GIVEN INFORMATION -

"""

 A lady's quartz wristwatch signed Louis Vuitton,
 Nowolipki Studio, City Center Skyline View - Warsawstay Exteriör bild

"""
"""

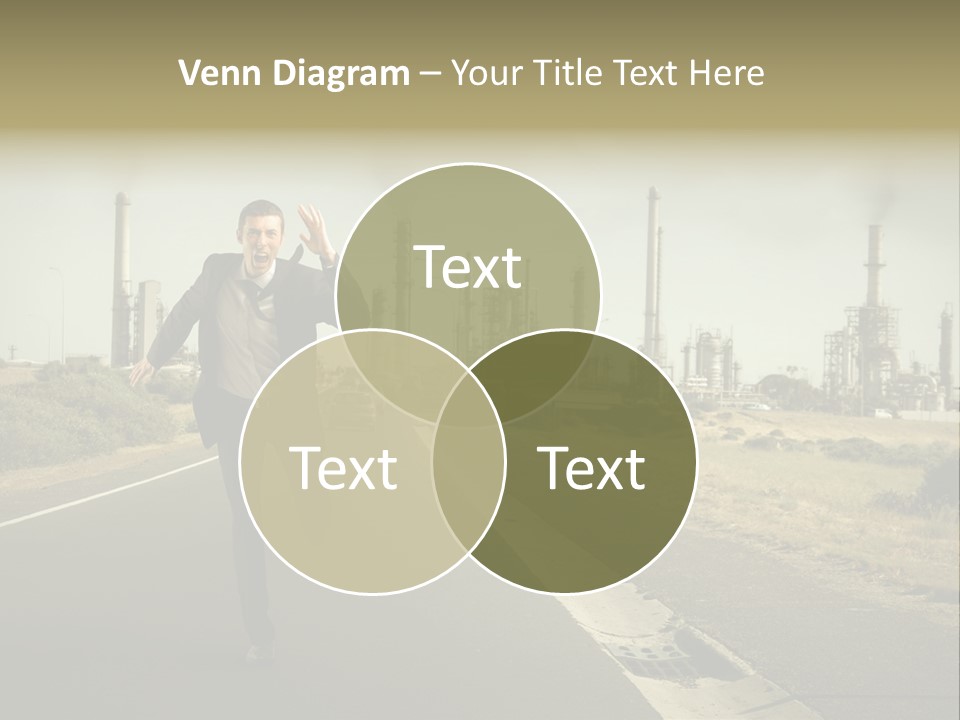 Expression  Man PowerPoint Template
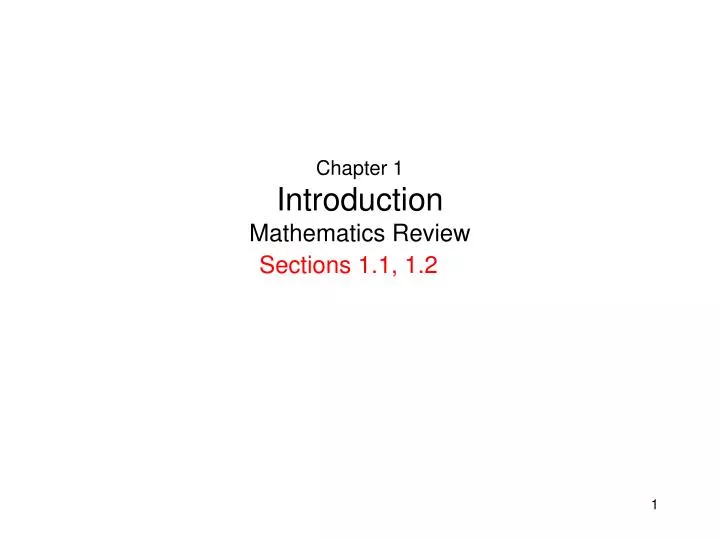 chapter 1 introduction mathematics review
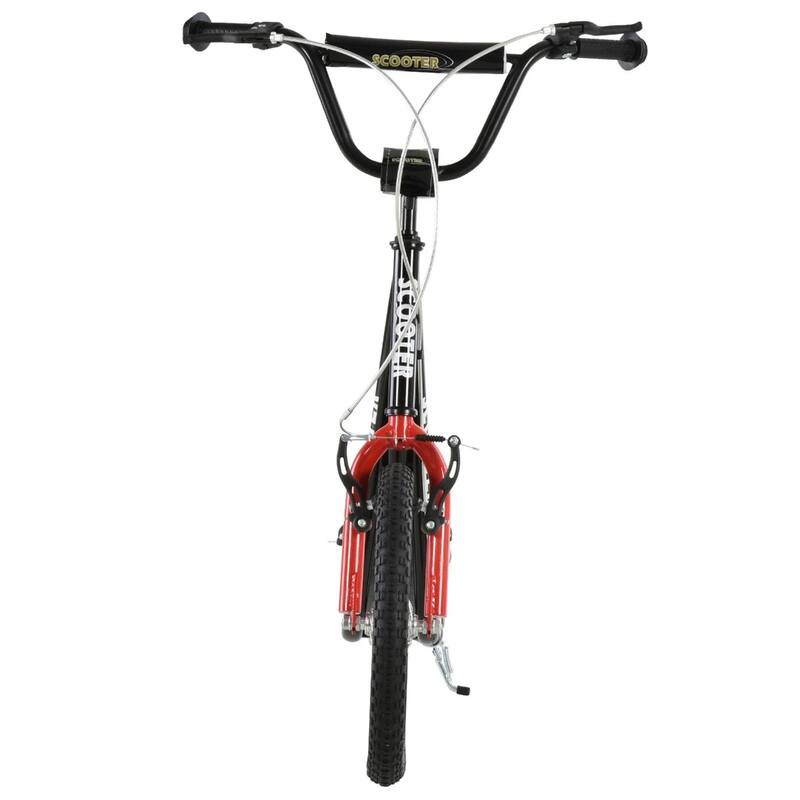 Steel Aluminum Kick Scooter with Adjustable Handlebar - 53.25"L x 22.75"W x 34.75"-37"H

"""
"""

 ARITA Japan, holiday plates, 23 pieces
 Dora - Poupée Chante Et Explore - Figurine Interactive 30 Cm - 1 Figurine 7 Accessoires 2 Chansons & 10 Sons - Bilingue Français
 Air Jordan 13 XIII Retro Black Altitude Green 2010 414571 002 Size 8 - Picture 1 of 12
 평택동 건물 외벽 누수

"""

GOAL OF THE EXERCISE -
The expected output is exactly the lines of the listing above between the line holding "A lady's quartz" and the line holding "Nowolipki Studio, City", inclusive.

ANSWER BOX -
 A lady's quartz wristwatch signed Louis Vuitton,
 Nowolipki Studio, City Center Skyline View - Warsawstay Exteriör bild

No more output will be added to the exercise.